After completing his general education in Basra, Yacoub Al-Bahussain continued his study in Egypt. He graduated from the College of Sharia in Al-Azhar University in Cairo in 1951 and returned to Iraq. He was appointed a high school teacher and eventually a Director of the Teachers’ Institute in Basra before going back to Al-Azhar for postgraduate studies. In 1966, he obtained a post-graduate diploma in the history of Islamic jurisprudence from Al-Azhar and became a lecturer at the College of Law and Economics in Basra University. In 1972, he obtained another post-graduate diploma in Arabic Language and Literature from the Arab League’s Institute of Arabic Studies and a Ph.D. from the College of Sharia in Al-Azhar University. For the following nine years, he taught at the College of Arts in Basra University, and became a Chairman of the Department of Arabic and an Acting Dean of the College, then moved to Saudi Arabia, where he served for more than twenty five years as a professor at the College of Sharia in Imam Muhammad Bin Saud Islamic University in Riyadh. He was a Professor Emeritus at that University, and a Member of the Commission of Senior Religious Scholars in Saudi Arabia.
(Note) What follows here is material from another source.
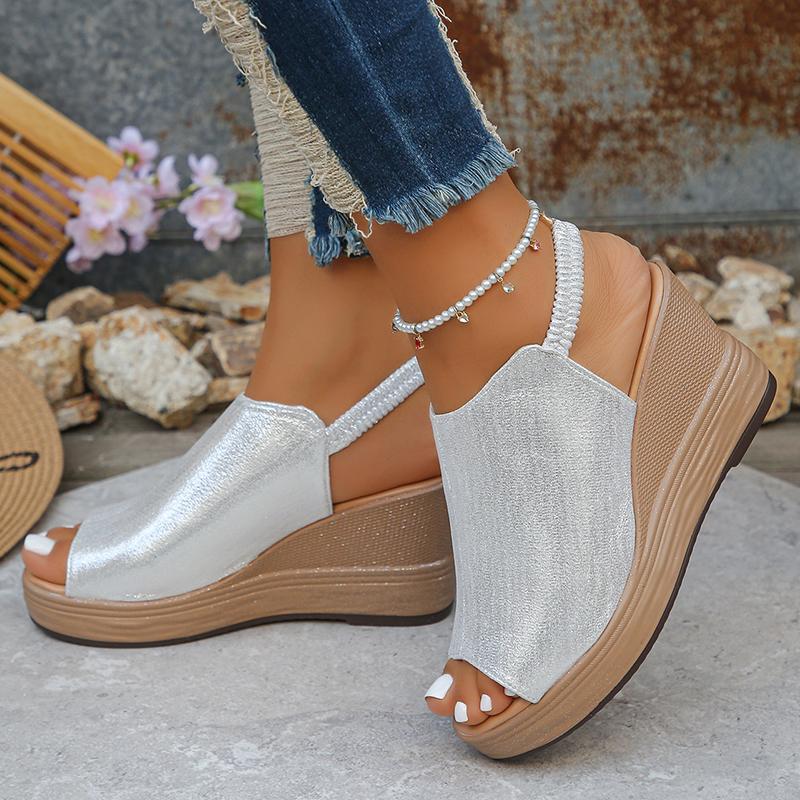 Fashion 2025 New Gold Wegdes Sandals Women Summer Plus Size Chunky Platform Sandles Woman Elastic Back Strap High Heel Sandalias Mujer 43 серебряный
Fashion 2025 New Gold Wegdes Sandals Women Summer Plus Size Chunky Platform Sandles Woman Elastic Back Strap High Heel Sandalias Mujer 43 серебряный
Professor Al-Bahussain’s diverse teaching and research experience spans more than 50 years and deals with more than one area of expertise. Some of his most significant contributions have been in the field of Islamic jurisprudence, an area in which he wrote several important books and research papers explaining, authenticating and analyzing the principles and maxims on which Islamic jurisprudence is based.
This biography was written in the year the prize was awarded.